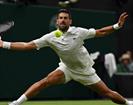 Sigue Djokovic firme en Wimbledon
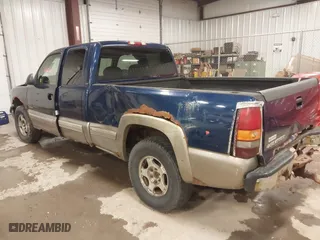 2000 Chevrolet Silverado 1500 LS with VIN 2GCEK19T0Y1274947, listed as a IAAI auction lot 42042066 with 200,262 mi miles. Bid and sale history available at carsss.com. Image 3.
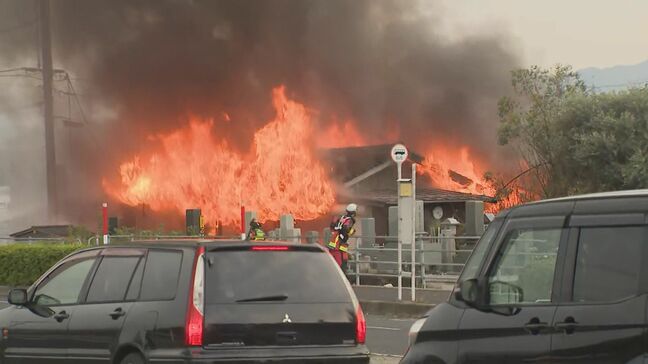 激しい炎と煙 鳥取市街地で建物火災 現場は国道沿い…渋滞も発生|TBS NEWS DIG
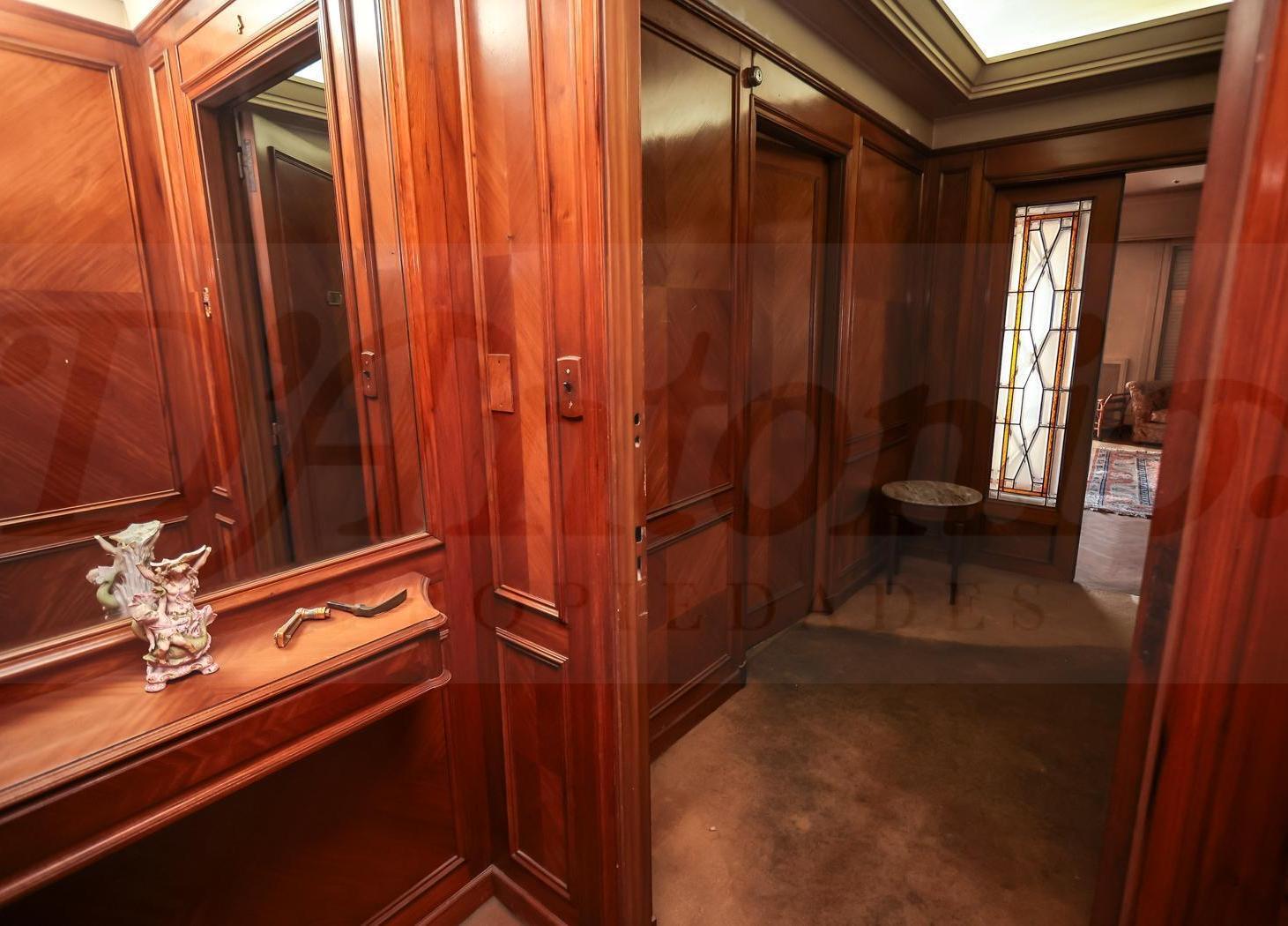Foto de Exclusivo Semipiso 6 amb. Categoría, excelente Acceso a Transp. y, imagen 5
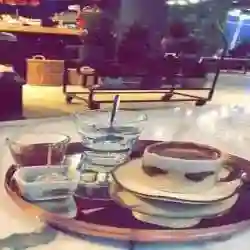 قطري مزيون وابي وحده قمر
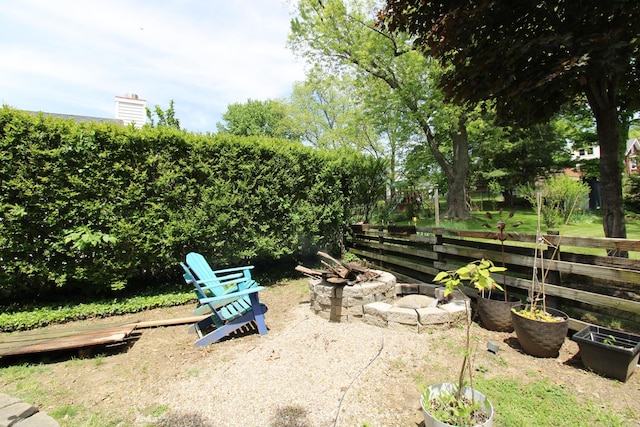 50 Sterling Ave, Fort Thomas, KY 41075 - view of yard featuring an outdoor fire pit and fence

* Task to complete *
Set down the records above exactly, leaving out pictures.

* Exercise response *
 Sigue Djokovic firme en Wimbledon
 2000 Chevrolet Silverado 1500 LS with VIN 2GCEK19T0Y1274947, listed as a IAAI auction lot 42042066 with 200,262 mi miles. Bid and sale history available at carsss.com. Image 3.
 激しい炎と煙 鳥取市街地で建物火災 現場は国道沿い…渋滞も発生|TBS NEWS DIG
Foto de Exclusivo Semipiso 6 amb. Categoría, excelente Acceso a Transp. y, imagen 5
 قطري مزيون وابي وحده قمر
 50 Sterling Ave, Fort Thomas, KY 41075 - view of yard featuring an outdoor fire pit and fence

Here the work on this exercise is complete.